Passing through Perfect (Wyattsville #3)(28)


At times it seemed like summer had forgotten about Alabama, but when it finally arrived it roared in with a vengeance. In just a handful of days the temperature zoomed from a cool 60 degrees to well over 90, and the sun baked the ground until it was so hot you couldn’t walk across the road without having your feet blistered.

Alabamans could generally expect a thunderstorm to pass through in the evening and cool the heat of day, but for the entire month of July there was not a drop of rain. After the first two weeks Benjamin began to draw water from the well and carry it to the fields. He climbed from the bed and started work three hours before dawn. While the sky was still too dark for a man to see where he was walking, Benjamin worked his way through the rows by counting the number of steps he’d taken. When the sun moved high in the sky he stopped carrying buckets of water and sat on the porch, but after an hour or two of rest he was back at it.

When Delia saw Benjamin nearing exhaustion, she and Isaac both began to help. They used anything that would hold water: cleaning buckets, cooking pots, jars even. Otis, whose leg was worse than ever, stayed behind to help draw water from the well and fill the jars. There were any number of times Delia was tempted to tell Benjamin that if they’d move north he could be working as a mechanic and wouldn’t have to be carrying buckets of water, but she held her tongue. When a man had that much worry strapped to his back, it seemed cruel to add another brick.

The heat of July moved into August, and still there was no rain. Twice they saw lightning flash across the sky and heard thunder boom with such ferocity it shook the house, but then there was nothing. Benjamin stood on the porch waiting and watching.

“Please, God,” he prayed, but still the rain never materialized. It was the kind of summer where rain thundered down on one farm and then bypassed the one next to it.

On a morning in late August, Benjamin lowered the bucket into the well and waited. It was several seconds before he heard the splash. The water table was low. Too low. They could live without a lot of things, but they couldn’t live without water. He dipped a tin cup into the bucket of water, took a long drink, and then poured the remainder of the water back into the well. There would be no more watering of crops.

When Delia rose that morning she found Benjamin sitting on the porch step. Seeing the sorrowful way his head was buried in his hands, she asked, “What’s wrong?”

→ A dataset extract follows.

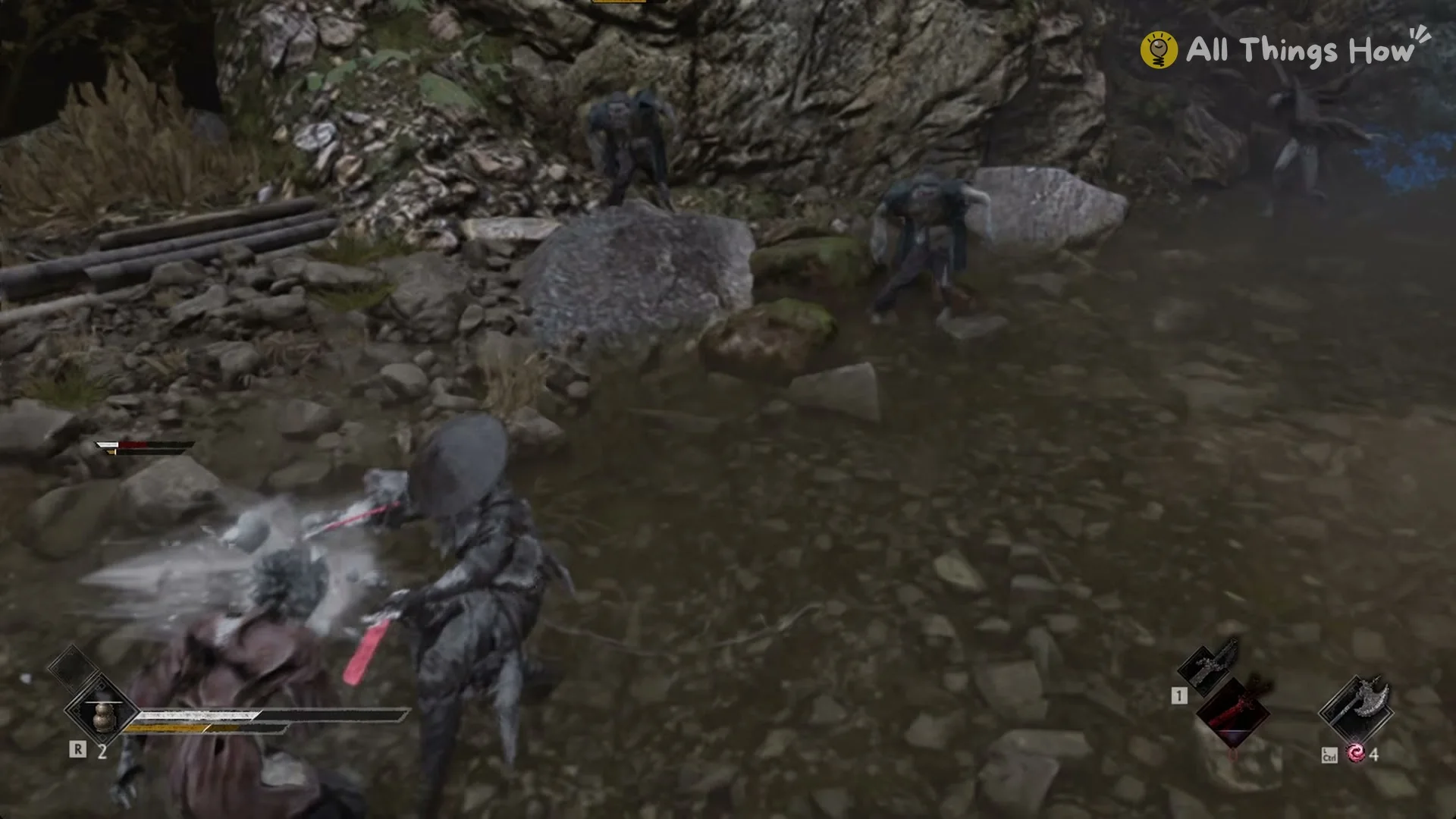 Soul fighting the Vessel pack in the stream under the stone bridge in the Village of Lu, Phantom Blade Zero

“The well’s running dry,” he said. There was no need for further explanation; anyone who lived in Grinder’s Corner knew what a dry well meant.

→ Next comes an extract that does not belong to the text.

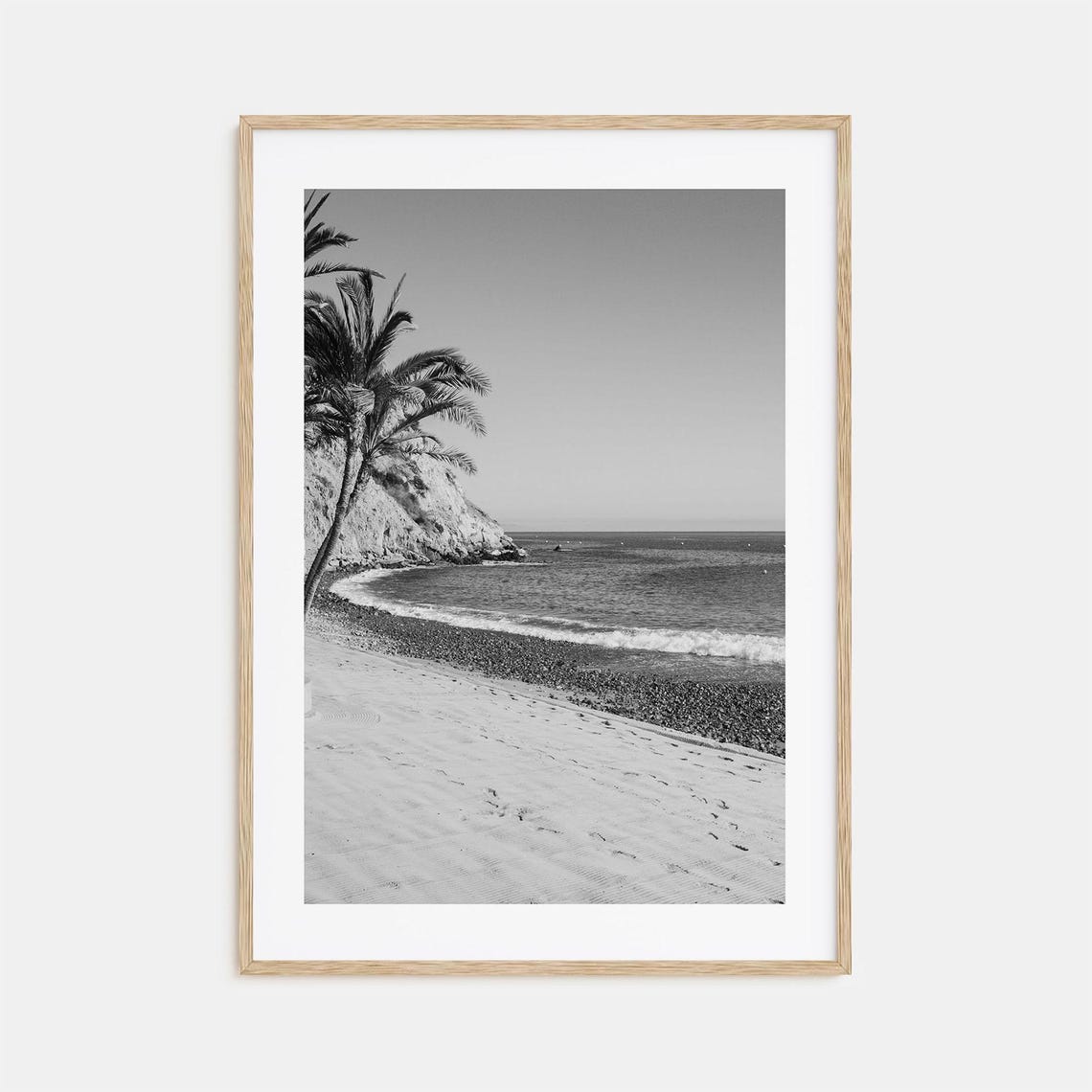 Avalon Beach Palm Trees Ocean Cliffs Black And White Photo Poster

Once Benjamin could no longer carry water to the fields, he sat on the porch looking to the sky then looking back at the stalks of corn. They were half the size they should have been and leaning over like a man ready to die. Sometimes Benjamin prayed; other times he shouted angry curses at the God who would deny him rain.

In the third week of August it came. Benjamin was inside the house when he first heard the thunder, but by then he’d given up hoping.

“Sounds like we’re gonna get a storm,” Otis said.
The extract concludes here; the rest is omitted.